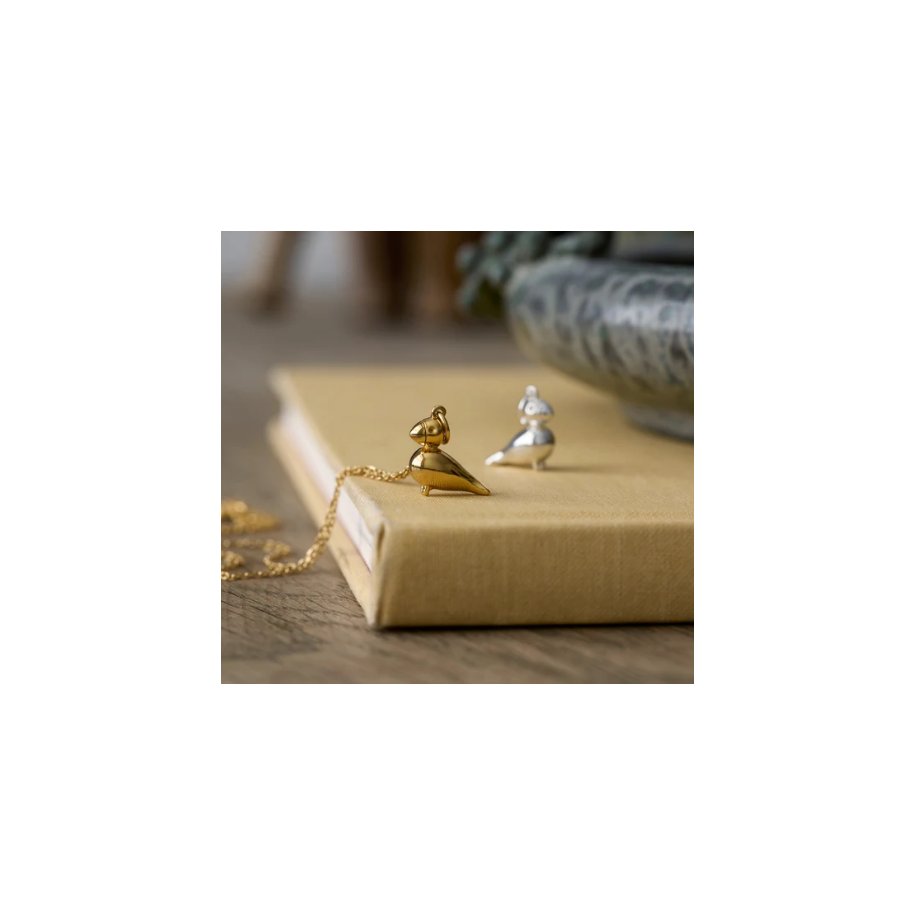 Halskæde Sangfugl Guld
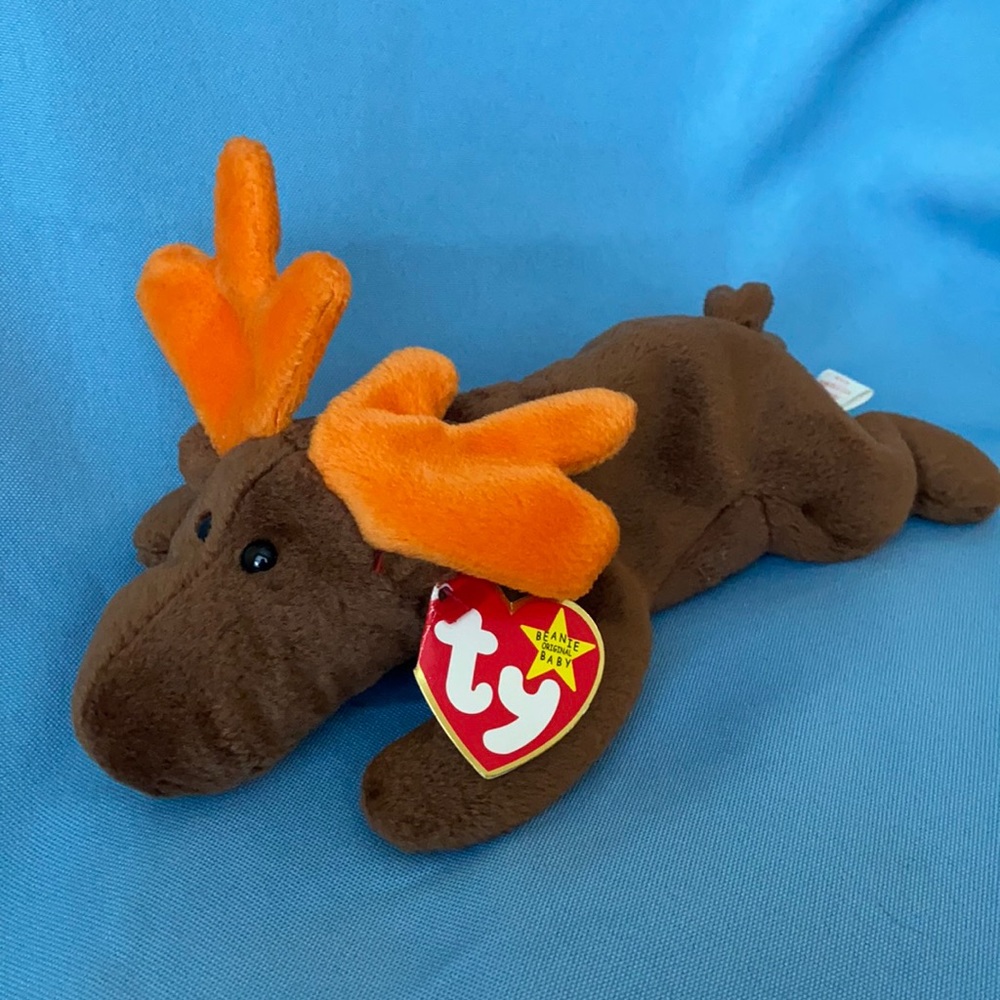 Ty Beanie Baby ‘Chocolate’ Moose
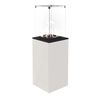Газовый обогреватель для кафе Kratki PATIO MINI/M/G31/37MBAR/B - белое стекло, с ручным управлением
::::::::::
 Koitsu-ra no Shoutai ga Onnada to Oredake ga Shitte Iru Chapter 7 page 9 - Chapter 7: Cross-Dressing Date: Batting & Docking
::::::::::
■ What you need to do
Beginning at the line above that contains "Halskæde Sangfugl Guld", repeat each line exactly through the one that contains "Газовый обогреватель для", and leave out the pictures.

■ Answer to this task
 Halskæde Sangfugl Guld
 Ty Beanie Baby ‘Chocolate’ Moose
Газовый обогреватель для кафе Kratki PATIO MINI/M/G31/37MBAR/B - белое стекло, с ручным управлением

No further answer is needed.